For the previous six days my sleep had been interrupted, cut short, or just plain elusive. I used to suffer from insomnia, but in the last several years I have had the luxury of good sleep. Some of this I chalk up to my practice of mindfulness and meditation; to release all that anxiety and endless chatter of thoughts pretty much ensures one will sleep better.

So what happened? I’m not really sure. I think it might have had something to do with recent changes in my goals and ambitions. I began to think of bigger possibilities and I must have simply gotten too overwhelmed.

Which means I probably should have been meditating more. But the problem is that when I don’t feel well, the last thing I want to do is meditate. And without the meditation, my sleep wasn’t getting any better. Thus began a loop, a Catch-22, wherein I couldn’t meditate without sleep and I couldn’t sleep without meditation.

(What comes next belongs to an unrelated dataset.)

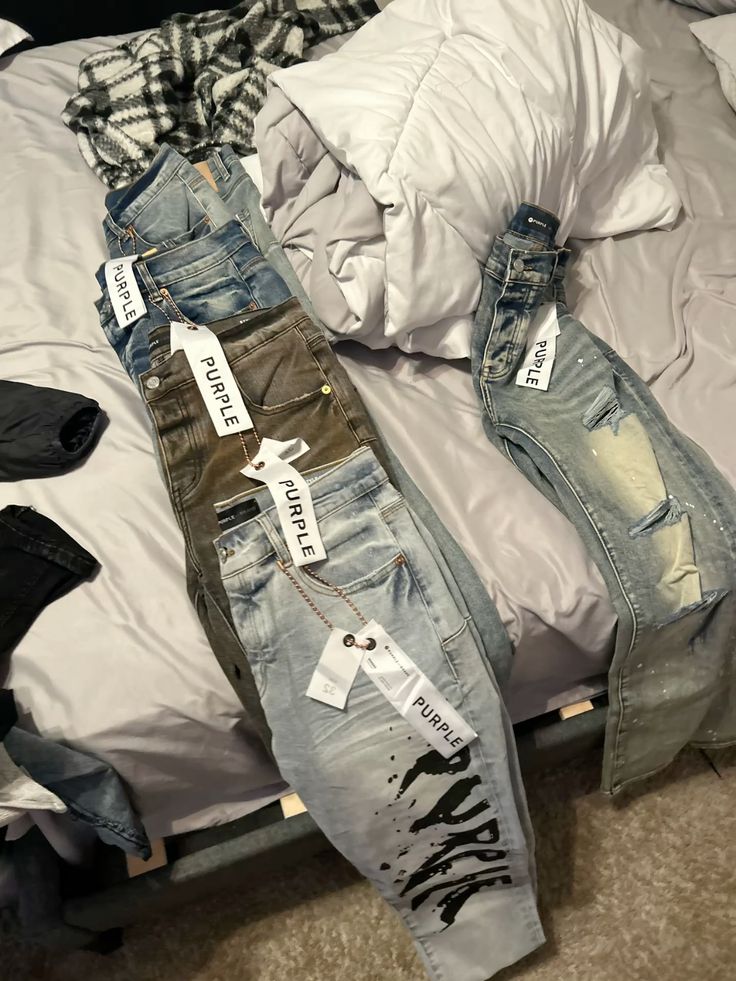 <p><em>Black Friday Sale 50% Off Name Brand Jeans</em></p>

I slogged through my days, feeling guilty and frustrated with myself. I began to worry about how long this would last. And then finally, on the sixth day, I took a deep breath and allowed myself to relax into the idea that it was OKAY that I wasn’t sleeping. It was OKAY that I had skipped my meditation for four days. It was going to be okay no matter what happened.

Although I was very tired that day, the realization kept me from getting worse. There is nothing that will make any situation worse than refusal to accept it. I was angry about the lack of sleep and that kept contributing to the problem. It wasn’t until I stopped placing blame: on myself, the dog, the husband, the traffic, the weather, the stars – whatever – that everything began to seem a little bit better.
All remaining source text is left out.